§ Information provided:
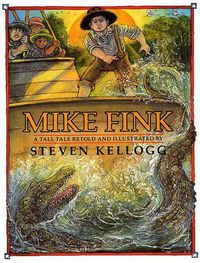 Cover image for Mike Fink: A Tall Tale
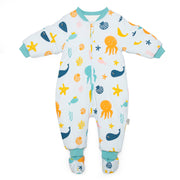 Saco de dormir TOG 3.5 ergonómico - Oceano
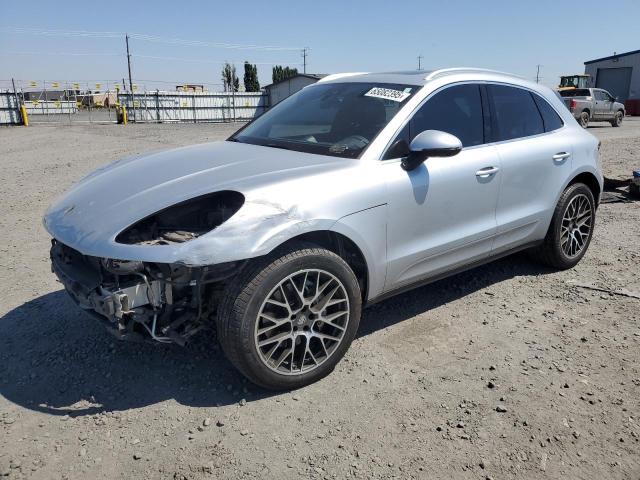  PORSCHE MACAN 2018 Silver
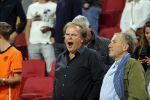 Amsterdam 13 oktober 2018
Ivo Niehe gapend op de tribune tijdens Nederland - Duitsland in de Johan Cruijff arena.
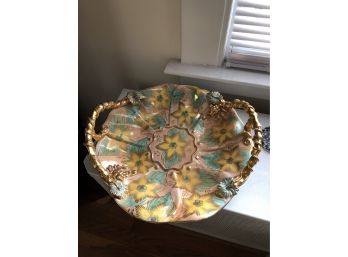Italy Hand Painted Platter
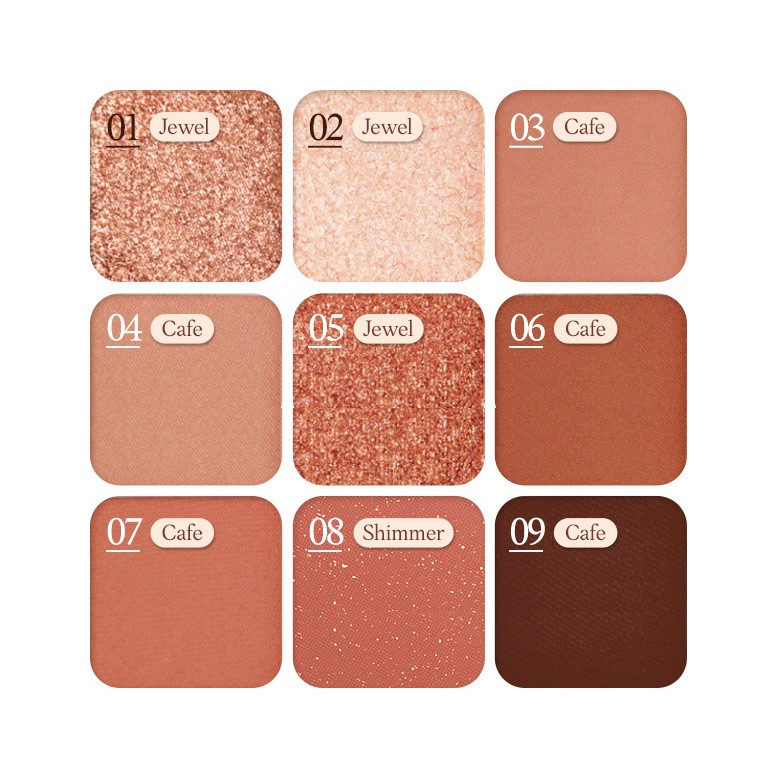 Etude House Play Color Eyes #Muhly Romance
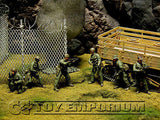 "BRAND NEW" Custom Built & Painted 1:35 US Navy Seal Team 6 "Operation Geronimo" Set (6 Figure Set)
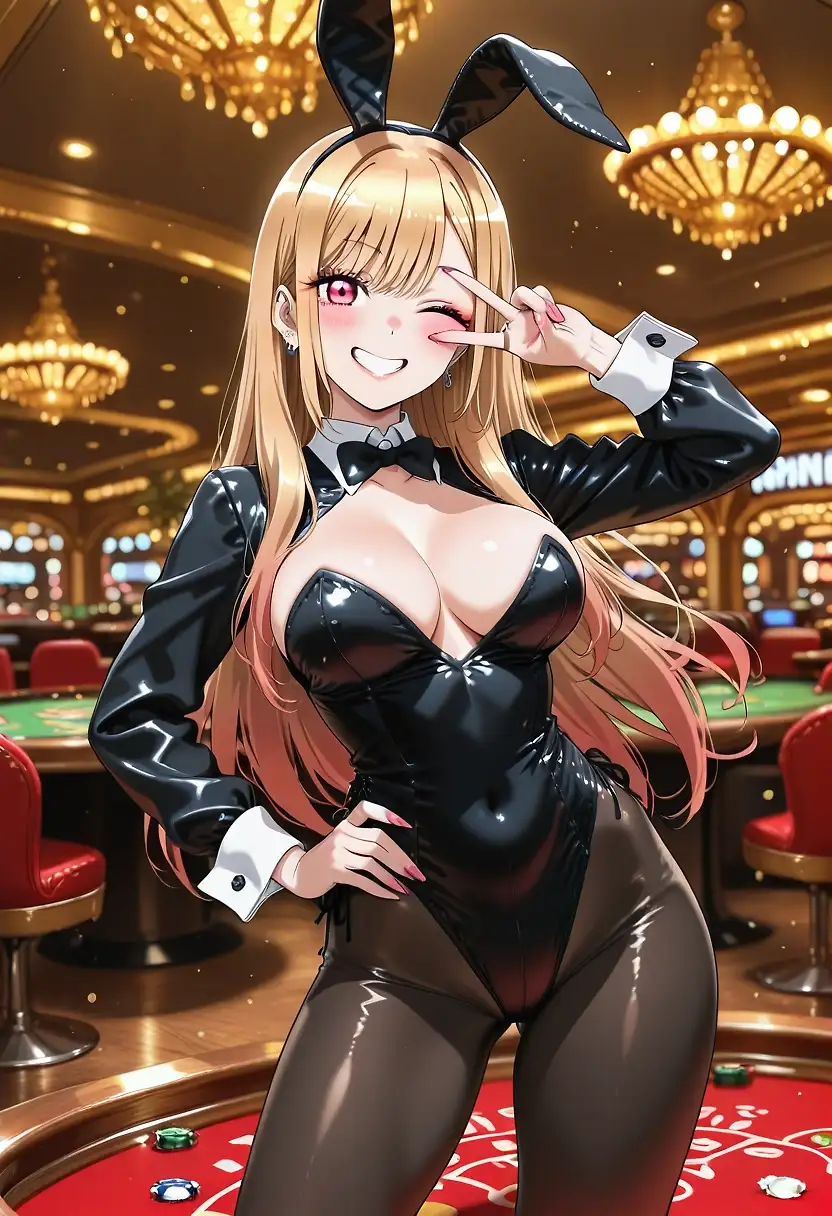 My favorite waifu is a bunny girl?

§ How to complete this task: Your response should consist solely of the lines from the line with "PORSCHE MACAN 2018 Silver" through the last line of the entries above, printed exactly and without pictures.

§ Written answer:
  PORSCHE MACAN 2018 Silver
 Amsterdam 13 oktober 2018
Ivo Niehe gapend op de tribune tijdens Nederland - Duitsland in de Johan Cruijff arena.
Italy Hand Painted Platter
 Etude House Play Color Eyes #Muhly Romance
 "BRAND NEW" Custom Built & Painted 1:35 US Navy Seal Team 6 "Operation Geronimo" Set (6 Figure Set)
 My favorite waifu is a bunny girl?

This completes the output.